Tullow Oil reported a $61 million loss after tax for the first half of 2025, a sharp reversal from the $196 million profit recorded in the same period last year. The downturn was attributed to lower oil prices, reduced production volumes, and higher maintenance costs.
Revenue for the period dropped to $524 million, down from $759 million in the first half of 2024. The decline reflects a fall in average realized oil prices to $69.0 per barrel, compared to $77.7 per barrel in the prior year, coupled with a decrease in production volumes.
Working interest production for the half year averaged 50,000 barrels of oil equivalent per day (kboepd), down from 63.7 kboepd a year earlier. Excluding the company’s operations in Gabon, revenue stood at $411 million, with production averaging 40.6 kboepd.

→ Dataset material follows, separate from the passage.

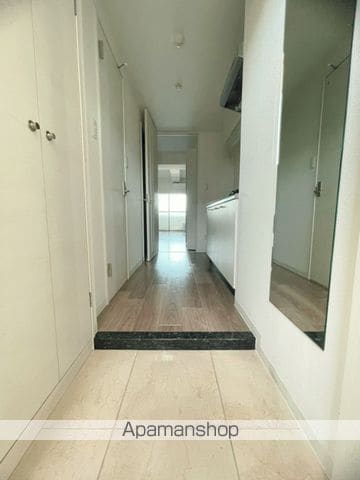 GRACECOURT上八丁堀の内装写真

Gross profit fell significantly to $218 million, from $460 million in the previous year. Free cash flow was negative $188 million, driven largely by the timing of tax payments and maintenance-related expenditures. Capital expenditure dropped to $103 million from $157 million, while decommissioning spend rose slightly to $13 million. Net debt stood at $1.6 billion, a modest improvement from $1.7 billion a year earlier.
Richard Miller, Chief Financial Officer and Interim CEO, said the company remains focused on its strategic priorities, including refinancing its capital structure, optimizing production, growing reserves, and managing costs. He expects performance in the second half of the year to improve, driven by tighter cost control, asset optimization, and continued progress toward refinancing its balance sheet.
Tullow has already realized $300 million from asset sales, including the completion of its divestment in Kenya. The company is also expecting additional upside from a fourth-quarter Ocean Bottom Node (OBN) seismic survey.